Snap shares soar 23% as company beats on earnings, shows strong revenue growth

Snap released first-quarter numbers on Thursday, exceeding analyst expectations and returning to double-digit revenue growth. Shares rose by more than 23% in extended trading.

Here’s how the company performed:

Earnings per share: 3 cents adjusted, compared to LSEG’s estimated loss of 5 cents.
Revenue: $1.19 billion, compared to the $1.12 billion projected by LSEG
According to StreetAccount, global daily active users are 422 million, compared to 420 million projected.
According to StreetAccount, the average revenue per user is $2.83, compared to the predicted $2.67.

Snap’s revenue in the first quarter grew 21% from $989 million in the same period previous year. Following six consecutive quarters of single-digit growth or sales reductions, the company is now expanding at a faster rate.

Snap has been fighting to restore its advertising business since the digital ad market crashed in 2022, and it’s beginning to pay off. In its investor letter, Snap stated that revenue growth was primarily driven by enhancements to the company’s advertising platform and demand for its direct-response advertising solutions.

During Snap’s quarterly investor call, finance chief Derek Andersen stated that the company benefited from improvements in the overall operating environment.

“I think more broadly, we saw a much more robust brand environment, which played out in all of our regions in Q1,” Andersen said in a statement.

Advertising revenue totaled $1.11 billion in the first quarter. Snap’s “Other Revenue” category, which is mostly driven by Snapchat+ subscribers, reached $87 million, up 194% year on year. Snap reported over 9 million Snapchat+ subscribers throughout the period.

Adjusted EBITDA for the first quarter was $46 million, greatly exceeding the $68 million loss predicted by experts, according to StreetAccount. In its investor letter, Snap stated that adjusted EBITDA “exceeded our expectations” and was primarily driven by operating expenditure discipline and faster revenue growth.

“Given the progress we have made with our ad platform, the leadership team we have built, and the strategic priorities we have set, we believe we are well positioned to continue to improve our business performance,” the company noted in its letter.

Snap’s growth accelerated, but it still lags behind Meta, which posted 27% growth in its first-quarter results on Wednesday, above expectations.

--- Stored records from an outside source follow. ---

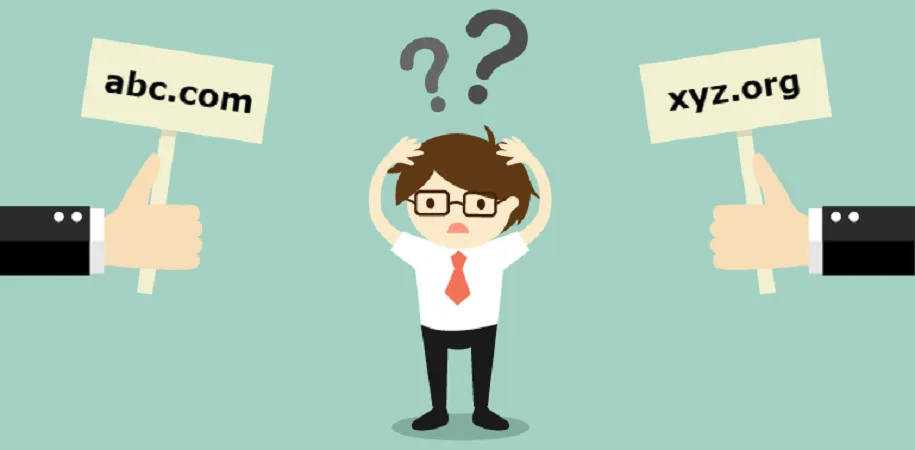 How To Start A Blog Step By Step? - Earn $1000 Per Month 3 how to start a blog step by step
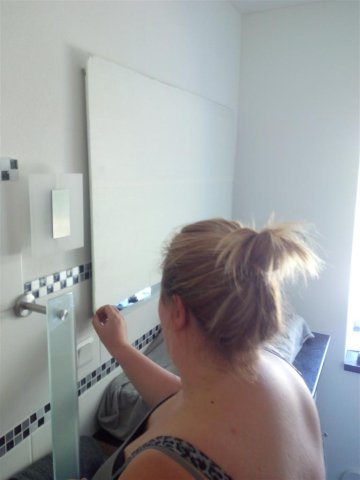 Bild von 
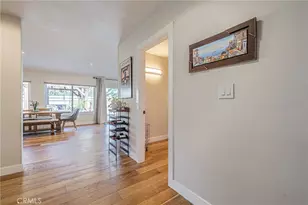 8310 Faust Ave, West Hills, CA 91304 - Photo 8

Meta shares fell nonetheless after the business presented a cautious projection and alarmed investors with mention of long-term spending.

Snap’s net loss for the quarter fell to $305.1 million, or 19 cents per share, from $328.7 million, or 21 cents per share, the year before.

Snap forecasts second-quarter revenue of $1.23 billion to $1.26 billion, up from analysts’ expectations of $1.22 billion, according to StreetAccount. Snap expects adjusted EBITDA to fall between $15 million and $45 million, compared to Wall Street’s projection of $15.5 million.

Snap claimed 422 million daily active users (DAUs) in the first quarter, a 10% increase year over year. The business plans to report approximately 431 million DAUs in the second quarter, up from StreetAccount’s estimate of 430 million.

The corporation also forecasted its full-year 2024 cost structure. Snap stated that quarterly infrastructure costs per DAU will decline between 83 and 85 cents for the remainder of the year.

“We will continue to assess our infrastructure investment levels based on what is in the best long-term interest of our business,” he said.

Snap stated that the amount of time users spend watching content increased year over year, owing mostly to interaction with Spotlight and Creator Stories. According to the corporation, time spent watching Spotlight, which aggregates user material, has climbed by 125% year over year.

In February, Snap said that it would lay off 10% of its global staff, or approximately 500 people. The company announced Thursday that headcount and human costs will “grow modestly” for the remainder of the year.